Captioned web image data

┌──

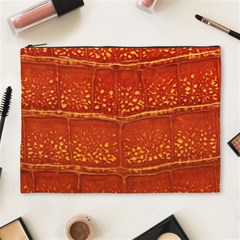 Ll Alligator Cosmetic Bag (XL) from ArtsNow.com Front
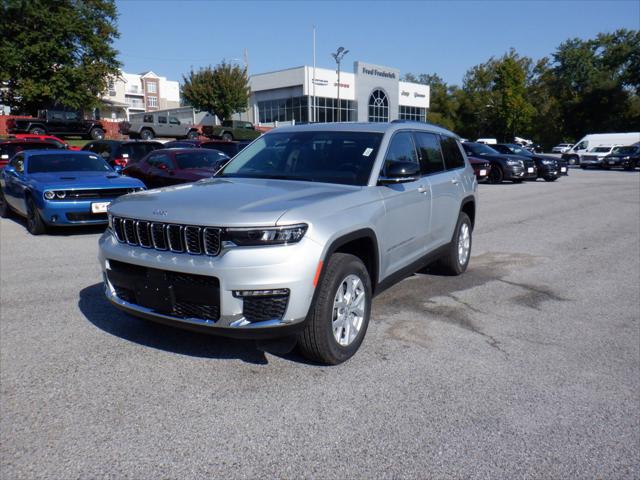 2024 Jeep Grand Cherokee GRAND CHEROKEE L LIMITED 4X4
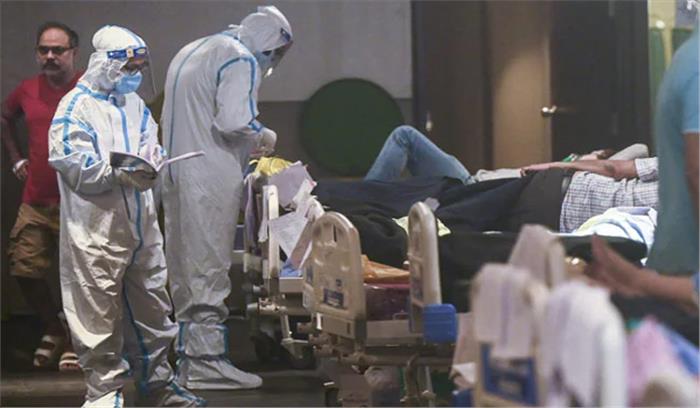 यूपी में घटने लगा कोविड संक्रमण, 24 घंटों में मिले 9391 नए संक्रमित, 285 मौतें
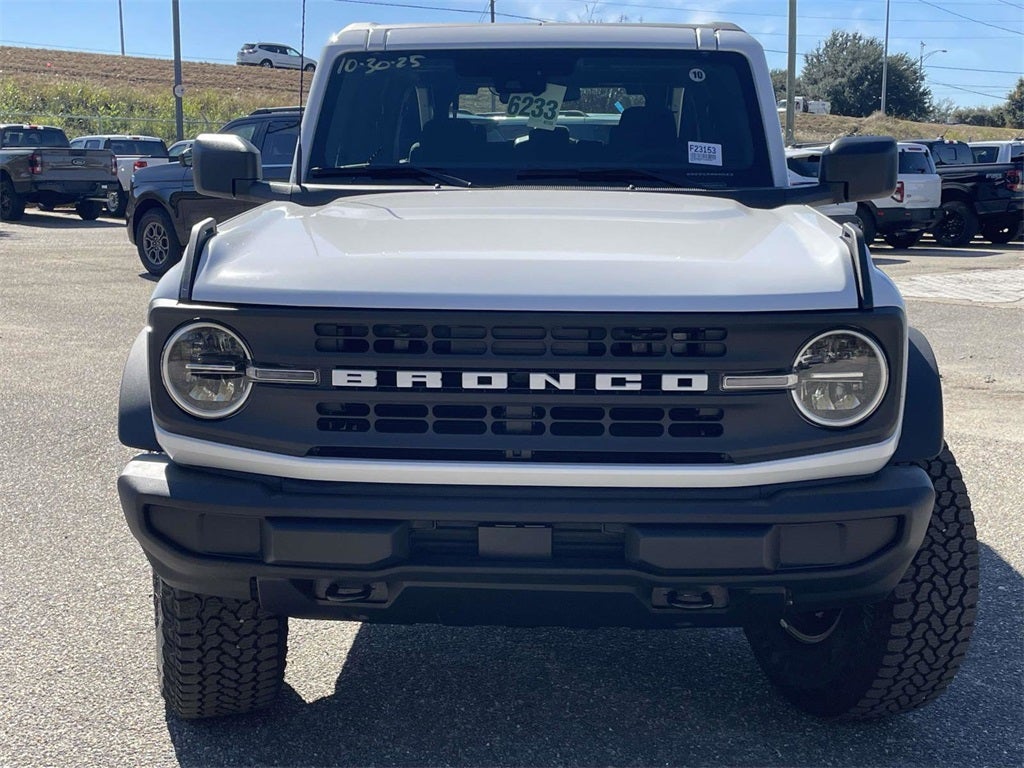 2025 Ford Bronco Base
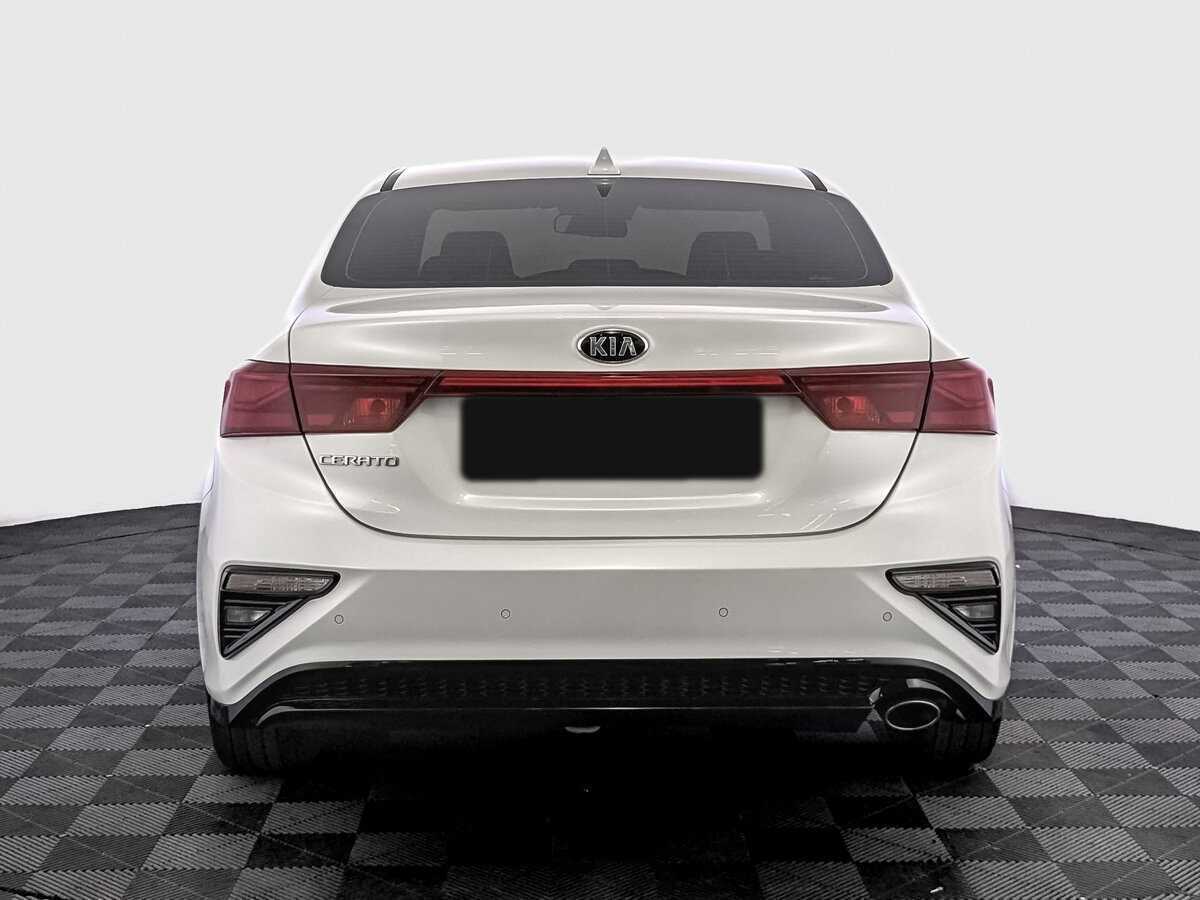 Kia Cerato 2020 года с пробегом. Фото: #5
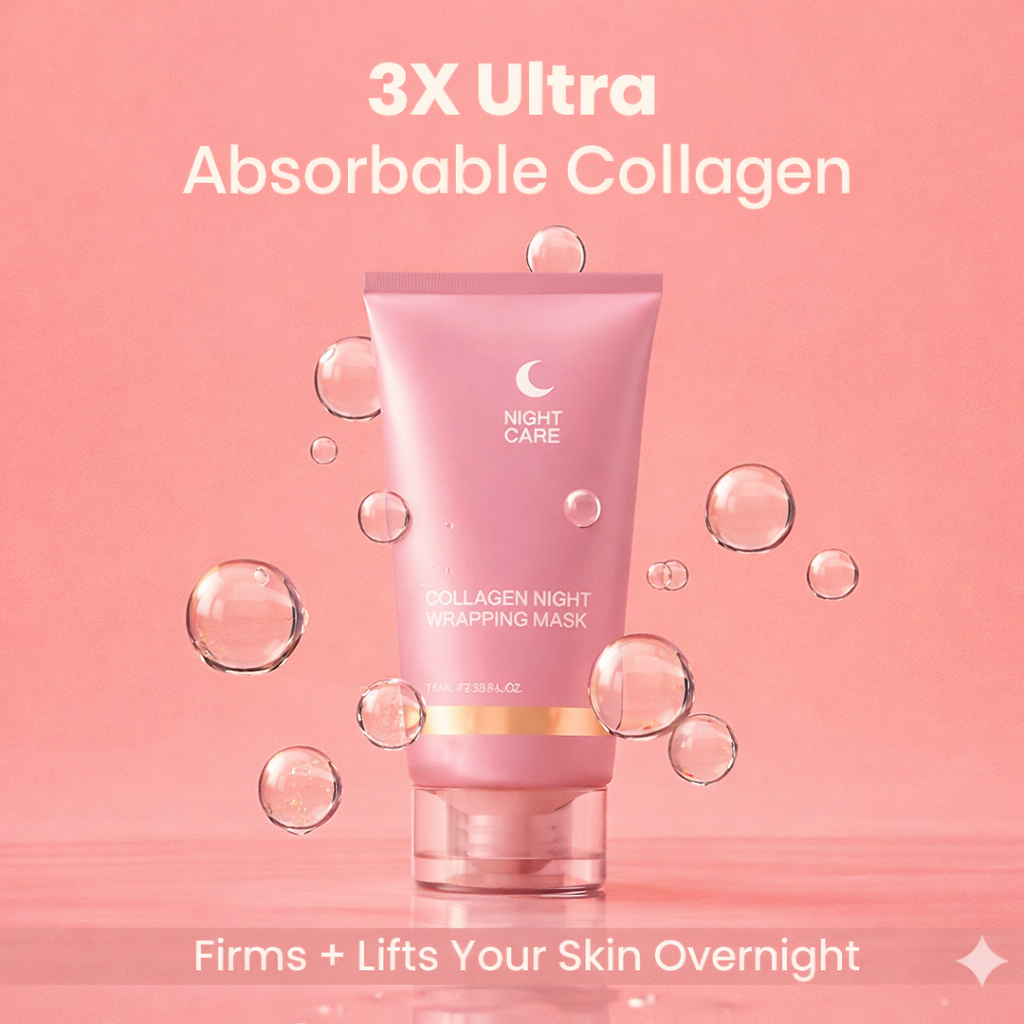 Collagen Glow Up Night Mask ™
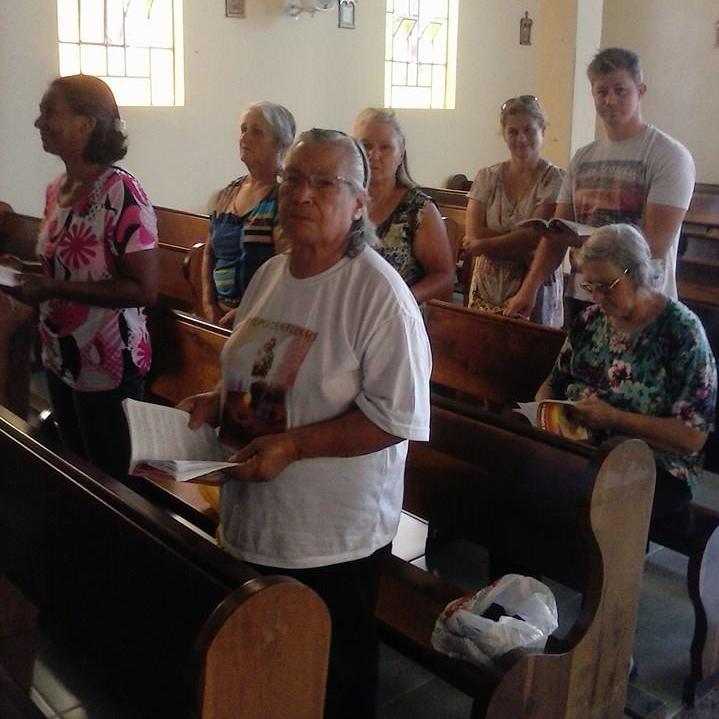 ao Senhor, na Igreja Matriz.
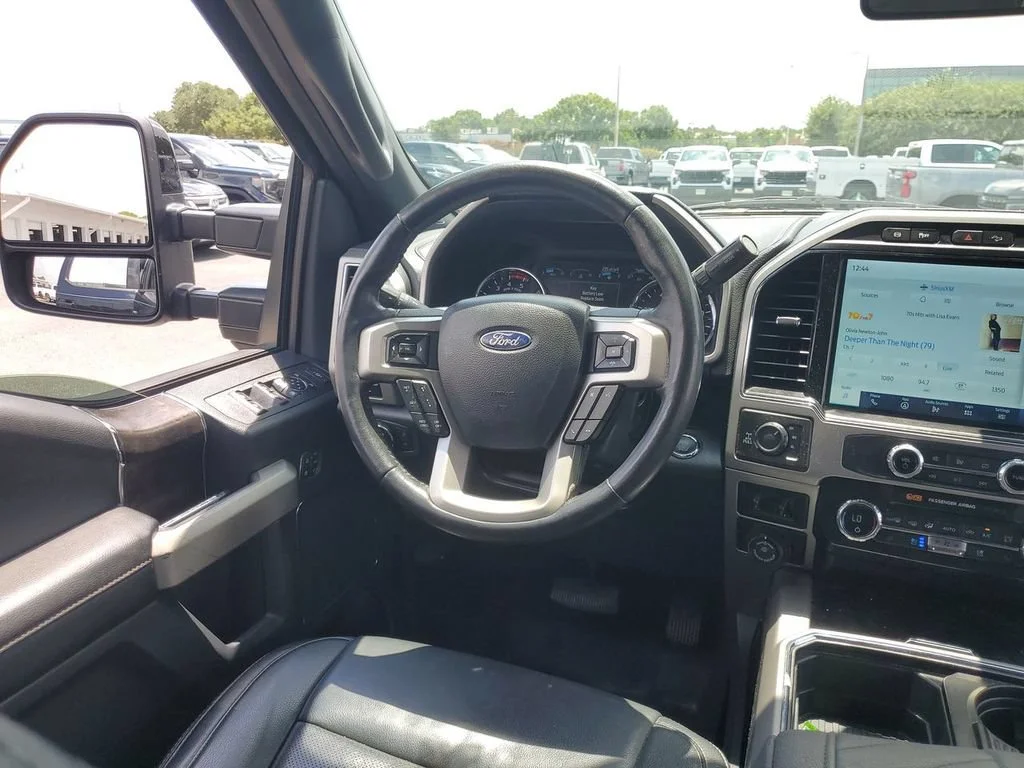 Used 2022 Blue Ford LARIAT image 15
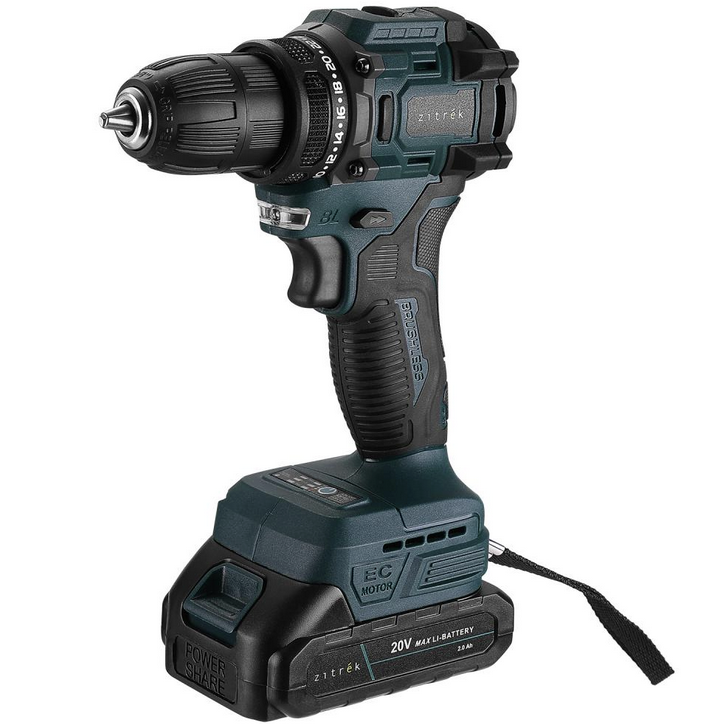 Дрель-шуруповерт Zitrek Greenpower 20 PRO 9218132 STDN-0121831 - Вид №1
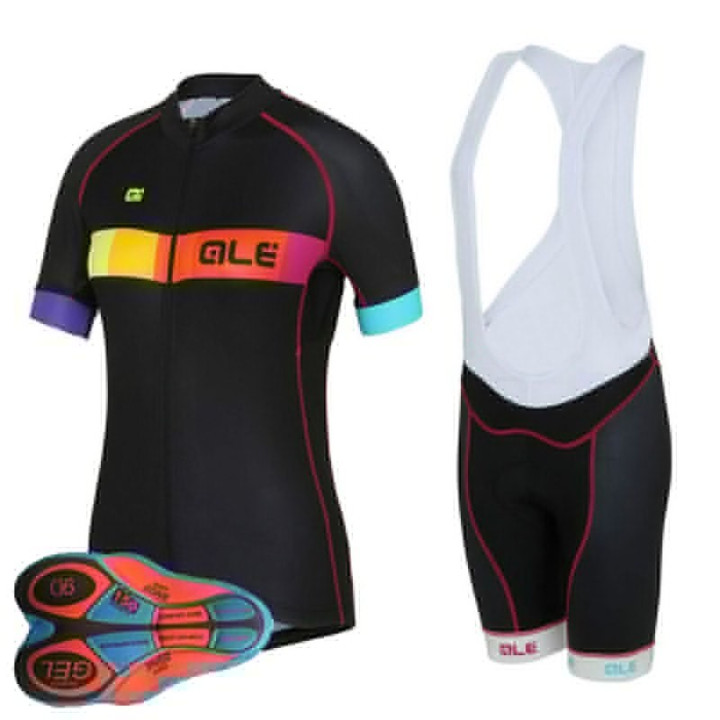 Conjunto corto de ciclismo ALE: comodidad y estilo para tus paseos de verano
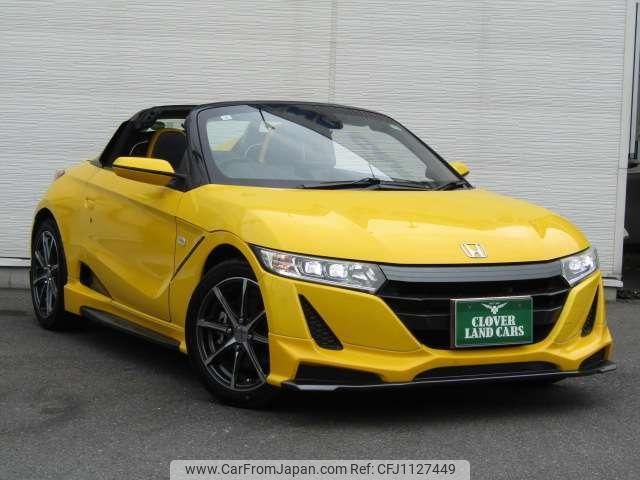 honda s660 2015 quick_quick_DBA-JW5_JW5-1000330 image 1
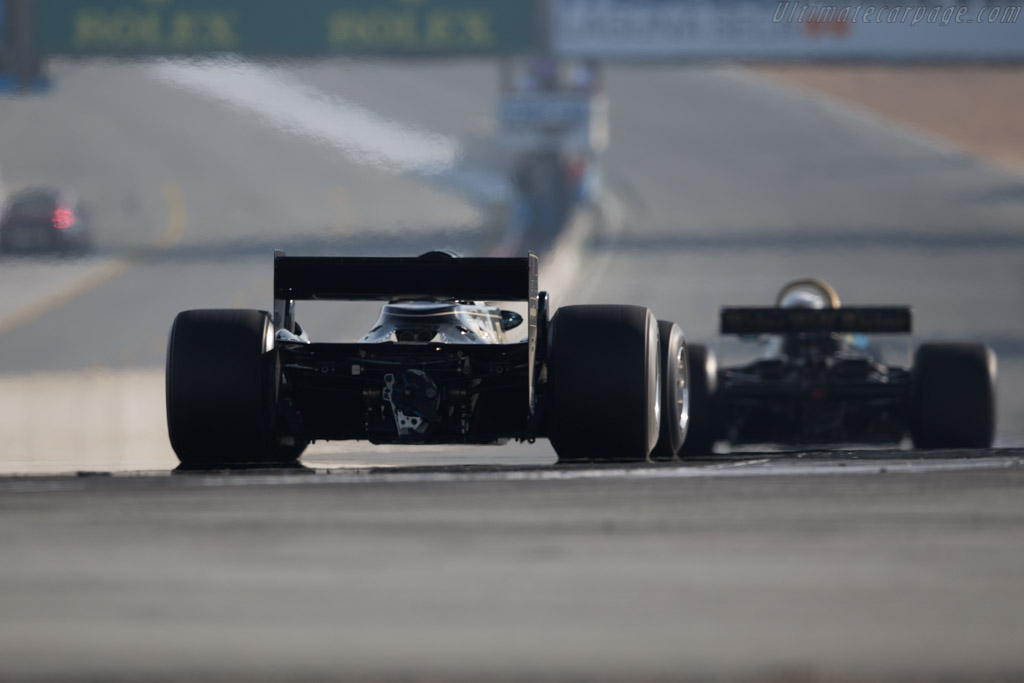Lotus 79 Cosworth - Chassis: 79/4 - Driver: Duncan Dayton - 2015 Monterey Motorsports Reunion
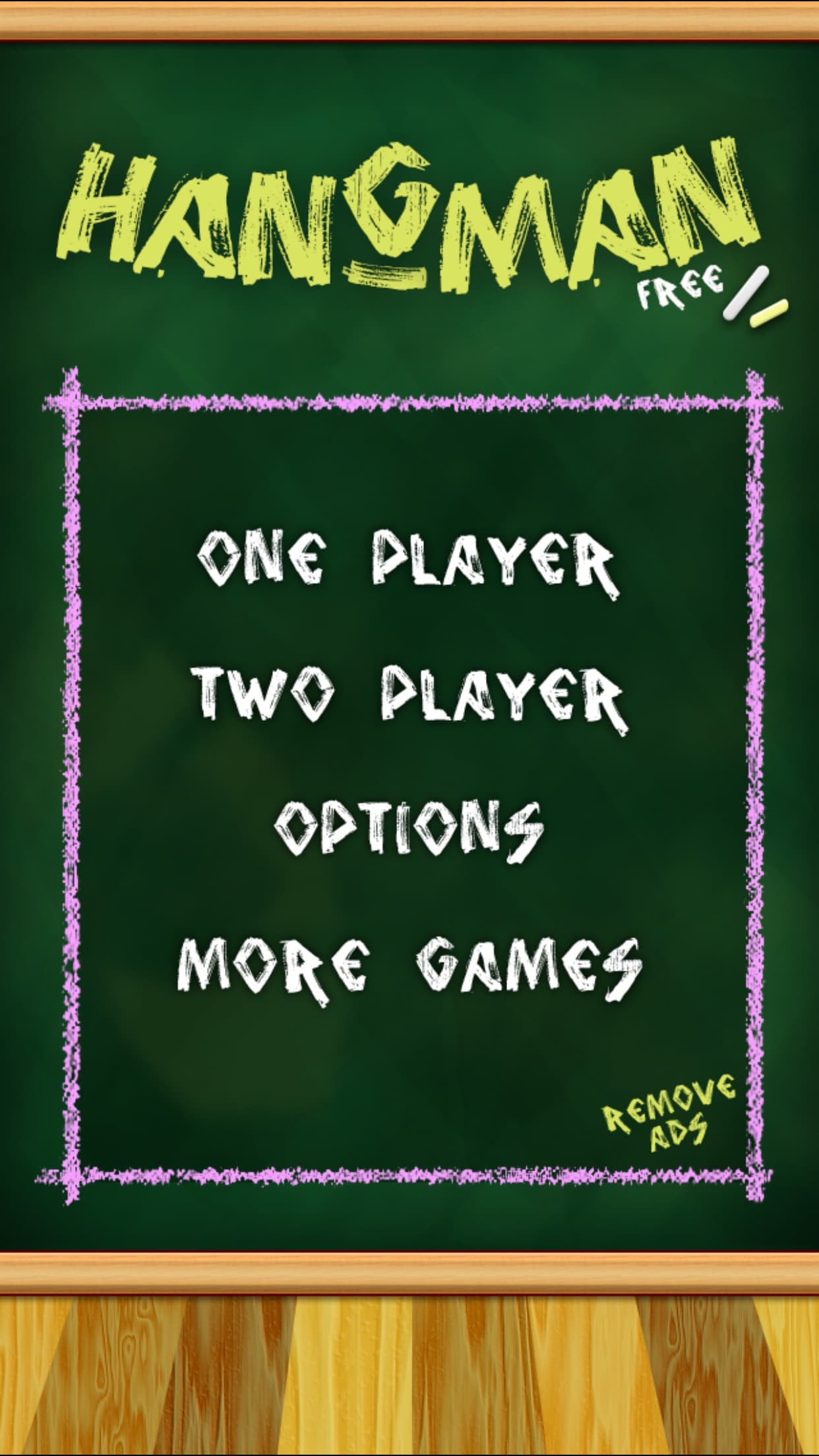 Hangman・ screenshot 3 - screenshot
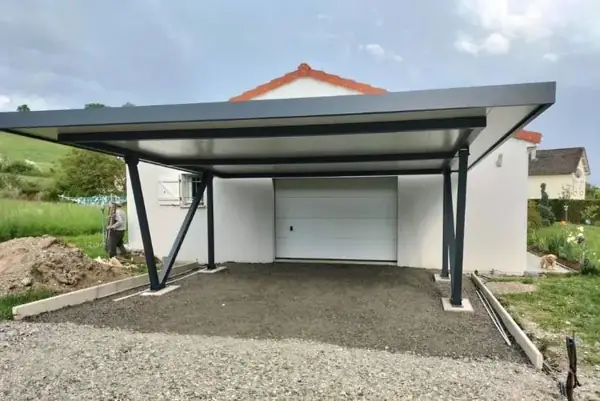 Carport aluminium sur mesure
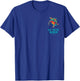 St. Pete Beach Florida Family Vacation Diving Sea Turtle Women T-Shirt - T-Shirt | Royal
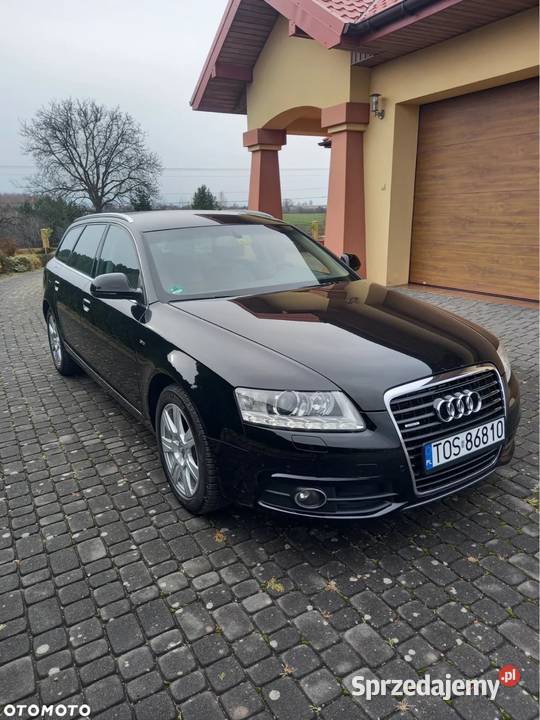 Audi A6 Avant 30 TDI DPF quattro tiptronic A6 Bukowie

└──

*Action item*: Would you return all of the entries unchanged while omitting the images?

*Result*:
 Ll Alligator Cosmetic Bag (XL) from ArtsNow.com Front
 2024 Jeep Grand Cherokee GRAND CHEROKEE L LIMITED 4X4
 यूपी में घटने लगा कोविड संक्रमण, 24 घंटों में मिले 9391 नए संक्रमित, 285 मौतें
 2025 Ford Bronco Base
 Kia Cerato 2020 года с пробегом. Фото: #5
 Collagen Glow Up Night Mask ™
 ao Senhor, na Igreja Matriz.
 Used 2022 Blue Ford LARIAT image 15
 Дрель-шуруповерт Zitrek Greenpower 20 PRO 9218132 STDN-0121831 - Вид №1
 Conjunto corto de ciclismo ALE: comodidad y estilo para tus paseos de verano
 honda s660 2015 quick_quick_DBA-JW5_JW5-1000330 image 1
Lotus 79 Cosworth - Chassis: 79/4 - Driver: Duncan Dayton - 2015 Monterey Motorsports Reunion
 Hangman・ screenshot 3 - screenshot
 Carport aluminium sur mesure
 St. Pete Beach Florida Family Vacation Diving Sea Turtle Women T-Shirt - T-Shirt | Royal
 Audi A6 Avant 30 TDI DPF quattro tiptronic A6 Bukowie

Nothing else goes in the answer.